GEOLOGY AND HYDROCHEMICAL CHARACTERISTICS OF THE AKHÜYÜK SPRING (EREĞLİ-KONYA) AND ITS HOT MINERAL WATERS
- 1. Department of Geological Engineering, Faculty of Engineering and Natural Sciences, Konya Technical University, Konya, Turkey
- 2. Department of Geological Engineering, Faculty of Engineering and Natural Sciences, Konya Technical University, Konya, Turkey
- 3. Department of Geological Engineering, Faculty of Engineering and Natural Sciences, Konya Technical University, Konya, Turkey
Abstract: The Akhüyük Spring is located 150 km from Konya province and 9 km from the Ereğli district. In 2023, it was registered as a Natural Site, and investments made by the Ereğli Municipality aim to develop it for thermal tourism and contribute to the regional economy. The study area comprises Tertiary and Quaternary rock formations. The base is formed by the Oligocene-aged Tapir Formation, overlain unconformably by Quaternary alluvium and travertine deposits consisting of dolomitic limestone, anhydrite, gypsum, alluvial gravel, sand, clay, and silt. The hot and mineral waters of Akhüyük emerge along the Akhüyük Fault, with temperatures ranging from 21-28°C and discharge rates between 0.16 - 0.45 L/s.

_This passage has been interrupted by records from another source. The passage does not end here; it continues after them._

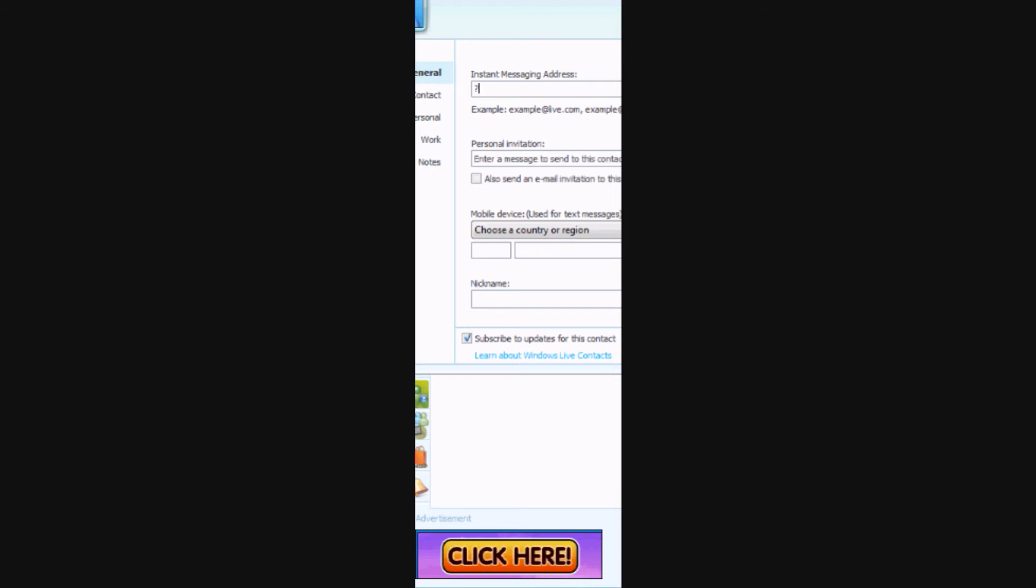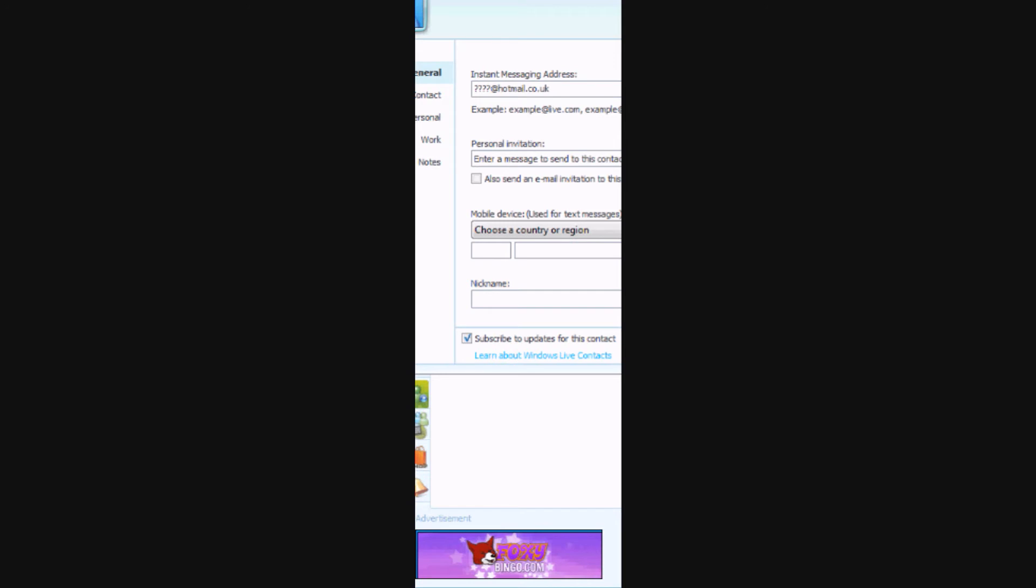Enter your friend's email address. Click the box if you would like to send an email invitation.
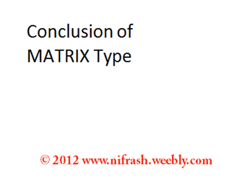Hi everybody and welcome to Nefraz and welcome to Matrix Tutorial number 8. In this video we will talk about a conclusion of matrix types.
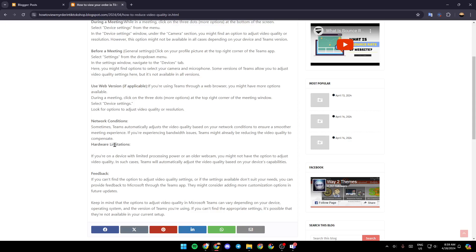Hardware limitations. If you're on a device with limited processing power or an older webcam, you might not have the option to adjust video quality. In such cases, Teams will automatically adjust the video quality based on your device's capabilities.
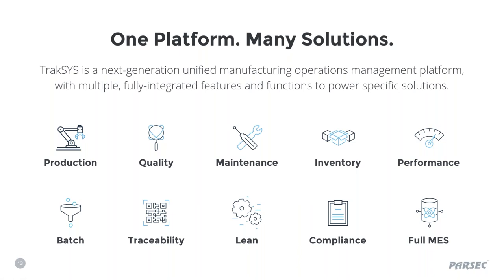In today's presentation, we saw some applications of production, quality, and performance management, as well as traceability and compliance. But because TrakSYS is a unified manufacturing operations management system, it allows organizations to use its features and functions to quickly deploy a variety of powerful solutions that fit your specific processes as well as your business needs. So, we're now at the point where we want to open up the conversation and address any questions you may have.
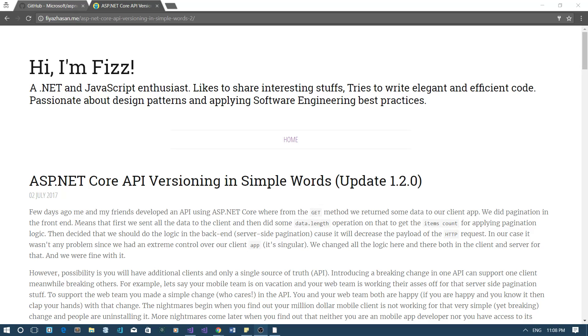Hi everyone, this is Fizz from GeekR and in this video I'm going to show you how to enable API versioning support in your ASP.NET Core applications.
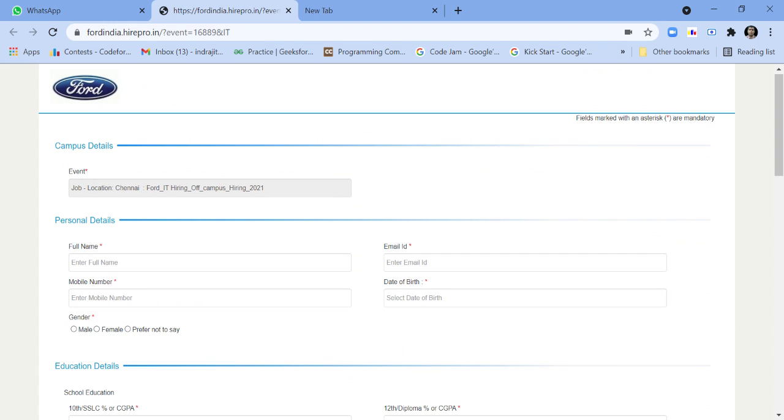I have made videos on my channel about those companies' jobs and how to apply for their jobs.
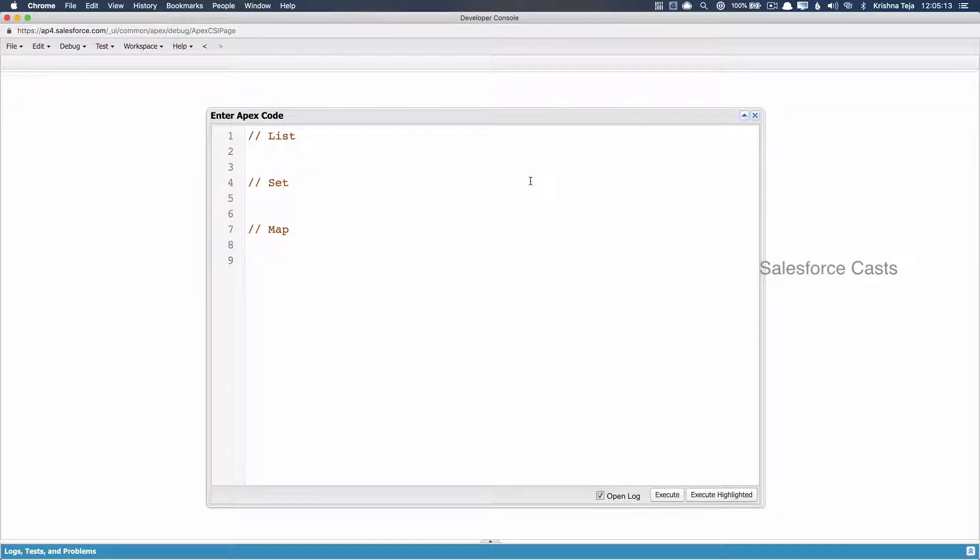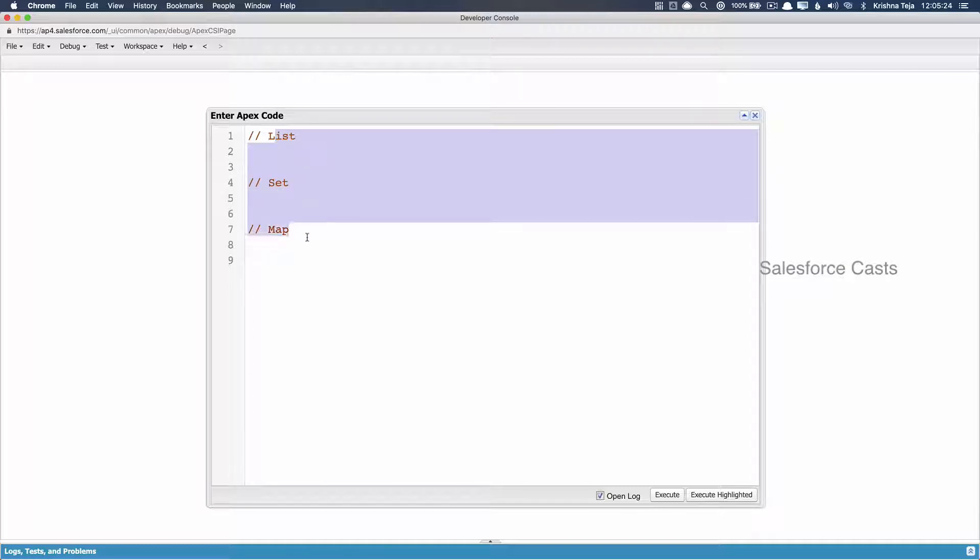So far we looked at different types of data types: string, integer, decimal, boolean, and so on. Now let me introduce you to three different types of data types. These are the three new data types we'll be looking into in this session, which are namely list, set, and map.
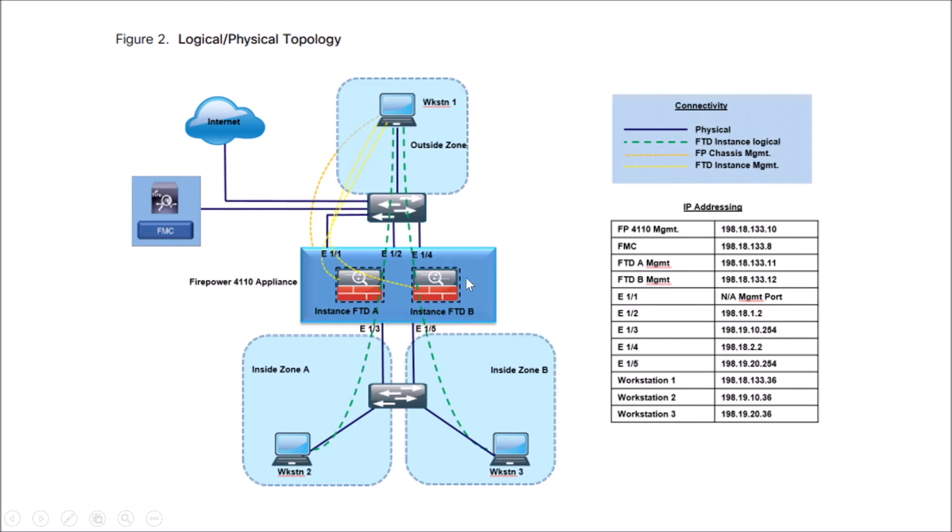And we have an inside zone that's tied to FTDB, we have an outside zone, and then we have an inside zone A that's tied to FTDA.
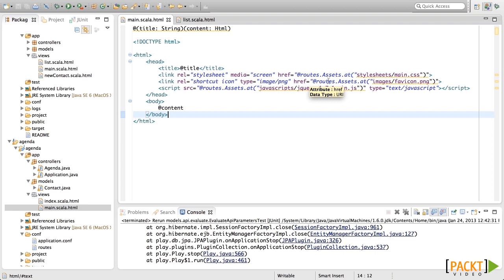Now, we've got the controller, routes and model of the application finished. However, we still need to be able to show all of the information we have created to the user. Fortunately, play templates can be used for that, let's see how.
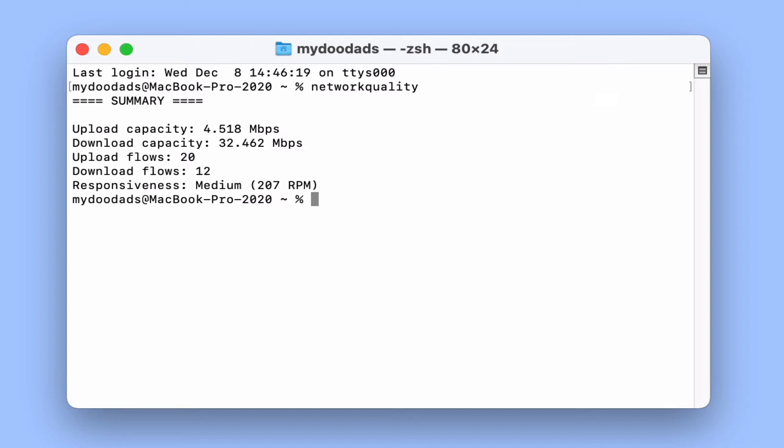With our test now finished we're presented with a summary of our results. Within this summary we're first shown the upload and download capacity of our internet connection. These measurements act as an indicator of the speed of our internet connection and should be in line with what our internet service provider estimates that we should be getting.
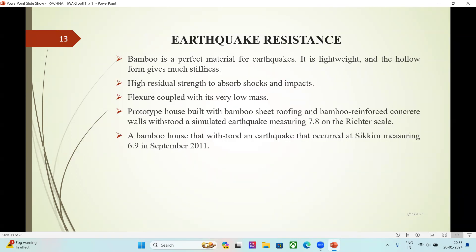Earthquake Resistance: bamboo is a perfect material for earthquake-prone areas. It is lightweight and the hollow form gives much stiffness, with high residual strength to absorb shocks and impacts. A prototype house built with bamboo sheet roofing and bamboo reinforced concrete walls withstood a simulated earthquake measuring 7.8 on the Richter scale. A bamboo house also withstood an actual earthquake that occurred in Sikkim measuring 6.9 on the Richter scale in September 2011.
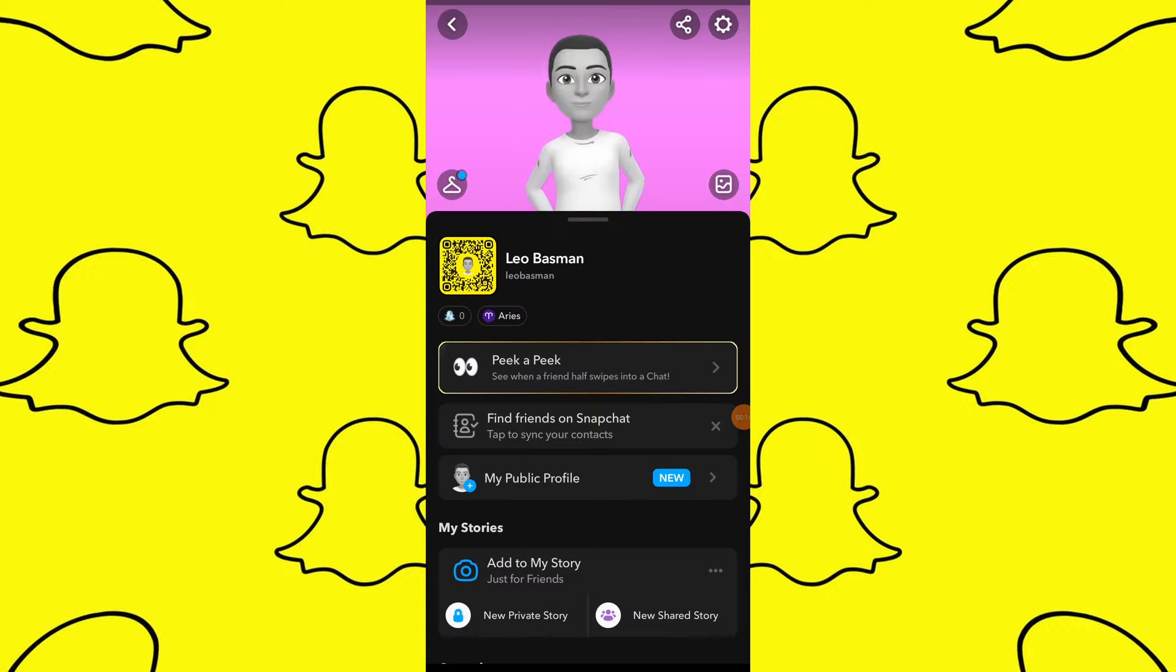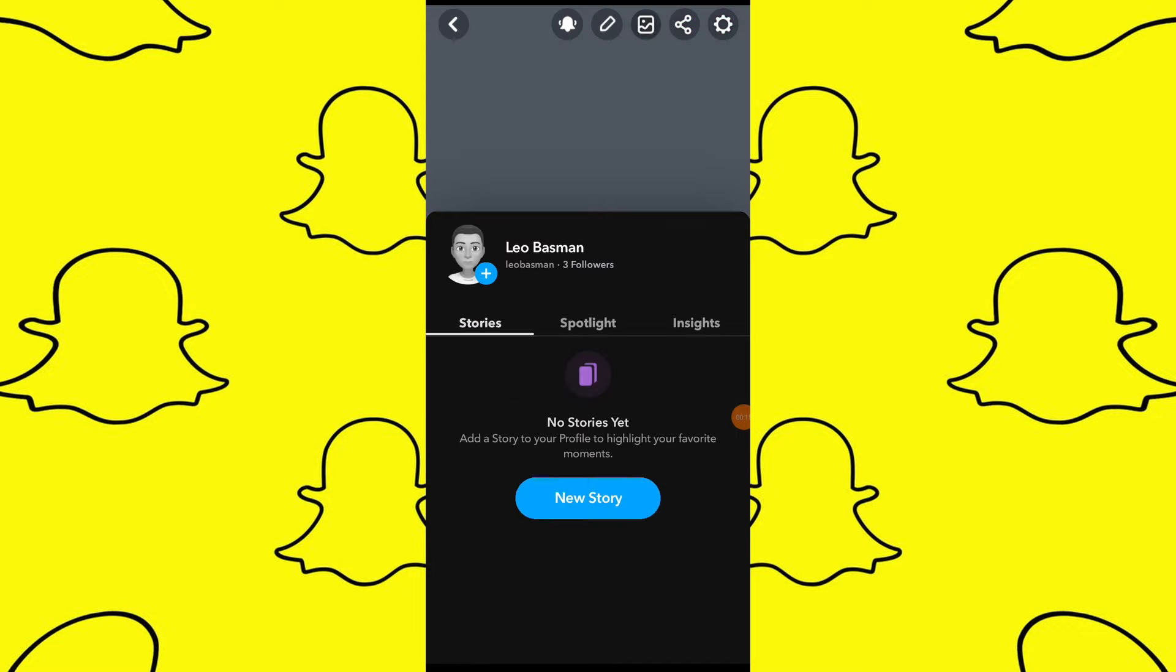In your profile select the option for public profile. In your public profile you will be able to see a list of your followers.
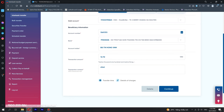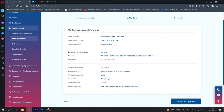Check the information before submitting for approval. Step 4: Review the transaction information and press the Submit button for approval. If you wish to amend any information, please press the Back button.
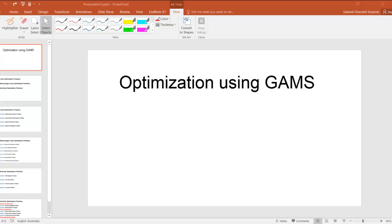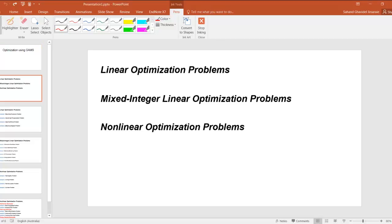In this video tutorial, we're going to teach you how to formulate three types of optimization problems: linear optimization problems, mixed-integer optimization problems, and nonlinear optimization problems. For each type of optimization problem mentioned, we're going to give you several examples and GAMS programming solutions to make them easy to understand.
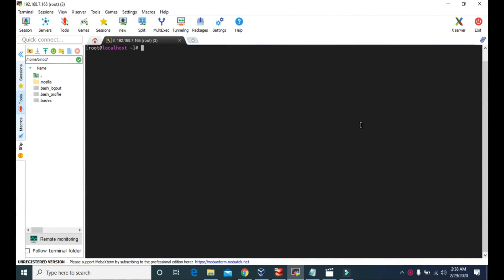Hello guys, welcome to TechVitals. Today we are going to learn how to make archives or backup files for multiple files and folders in Linux. For that we will be using the tar command, so let's get started.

Waters from boreholes have temperatures of 10 - 13°C and discharge rates between 0.05 - 0.32 L/s. These hot mineral waters have a meteoric origin. When they reach the surface along the Akhüyük Fault, the decrease in pressure causes CO2 gas to escape, leading to the precipitation of CaCO3. Carbonate deposition occurs in both directions along the fault, resulting in the formation of a travertine cone with two pointed ends in the NW-SE direction. Two artesian wells are drilled on the axis of the travertine cone. However, these artesian wells have depleted many springs along the Akhüyük Fault. The aquifer for hot mineral waters consists of limestone from the Tapir Formation. The hot mineral waters are saturated with calcite, dolomite, aragonite, anhydrite, and gypsum minerals. According to the semi-logarithmic Schoeller diagram, hot mineral waters and borehole waters have different origins. Based on the Piper diagram, the waters fall into the Zone 5 category, characterized by waters with over 50% carbonate hardness, mainly CaCO3 and MgCO3. According to the Wilcox diagram, Akhüyük spring waters are unsuitable for drinking, while borehole waters are of good quality and suitable for use. According to the U.S. Salinity Laboratory diagram, hot mineral waters fall into category C4S1, indicating they are highly saline and low in sodium.